Al comunismo hay que reconocerle el mérito de superarse año tras año en
la tarea de simplificarse a sí mismo. Atrás quedan los viejos teóricos
de la cosa comunista, los grandes ideales, y las densísimas
profundidades de índole económica que sustentaban el cotarro en sus
primeros días. Ahora todo es mucho más fácil. Se trata sólo de rizar el
rizo de su propia caricatura. Se trata de alcanzar lo grotesco y
doblarlo. Se trata de alabar tanto al líder como al ridículo.
Antes, al menos, los comunistas te mataban por cosas importantes. O te
encarcelaban por motivos que podían hacer enorgullecer a tus hijos.

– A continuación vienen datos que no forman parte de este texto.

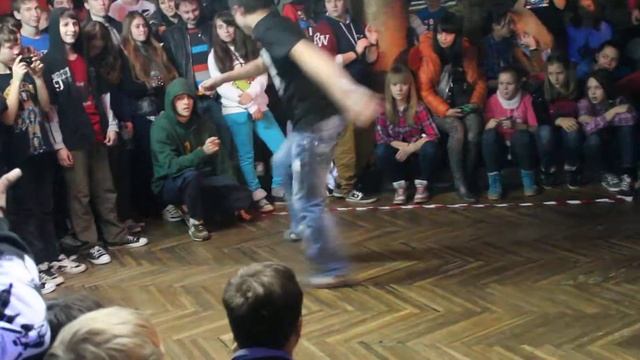 Kal'mar vs Kaban vs Tic-Tac (Главное не зазнаться) смотреть онлайн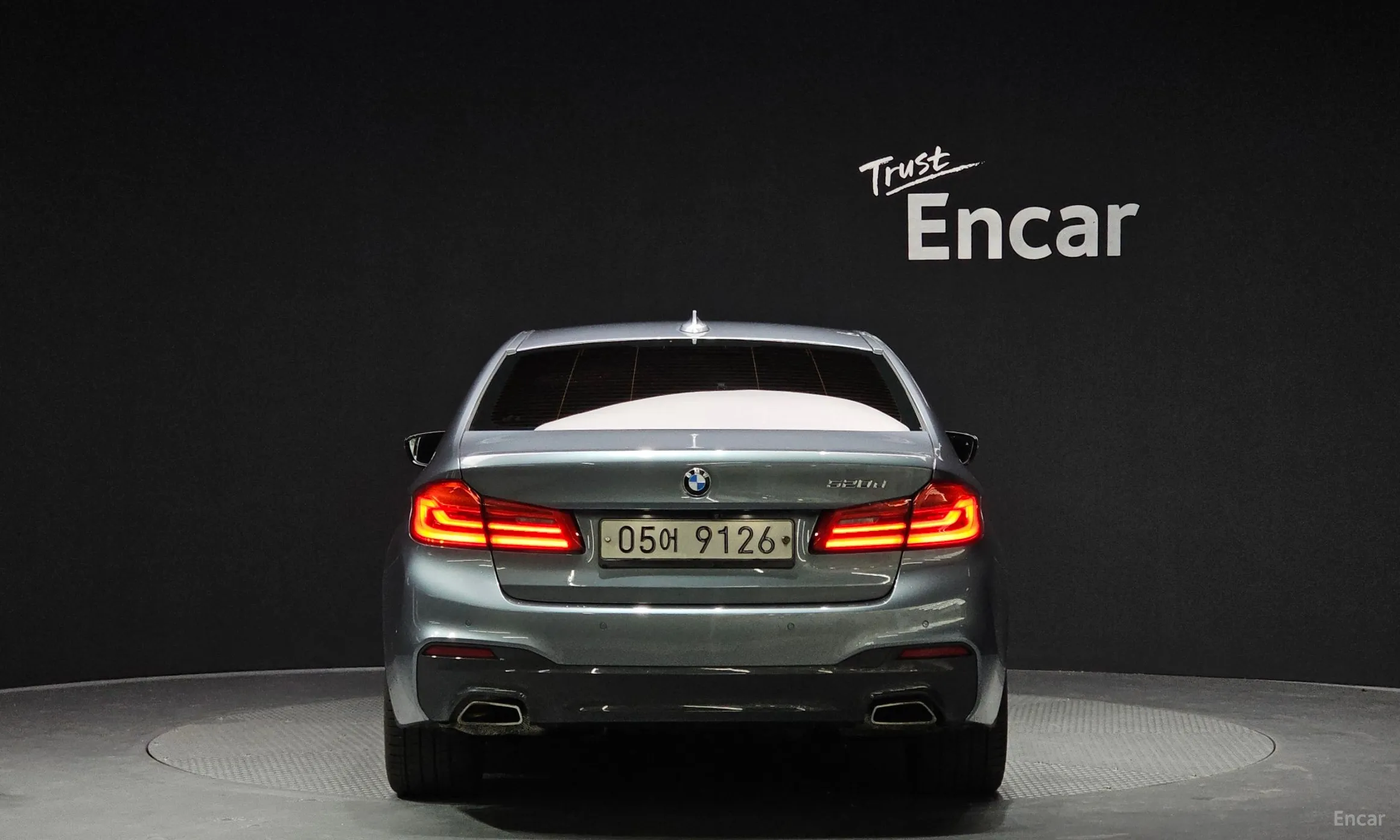 BMW 5 Series (G30) превью 3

Ahora todo es mucho más penoso. Las multas por no llorar con la
suficiente pena son una sutileza más, de ese teatro, de esa vida teatral
edificada a golpe de sangre en Corea del Norte –pero también Cuba,
claro-. Algo que confirma que, al final, cuanto más militarizado,
sofisticado, intransigente, y violento se muestra un régimen comunista,
más ridículo y cómico resulta. Igual que en la vida real. Cuanto más
serio y solvente pretende parecer un idiota, más ridículo resulta.
Lo peor de toda esta grotesca aventura es que, al final, estos
dictadorzuelos de segunda nos obligarán a crear una plataforma ciudadana
que solicite a la comunidad internacional que presione a Corea del
Norte para que deje a sus coreanos llorar como les salga de los huevos.
Tal vez, Willy Toledo, si ya ha dejado de llorar y moquear, pueda leer el primer manifiesto de la plataforma.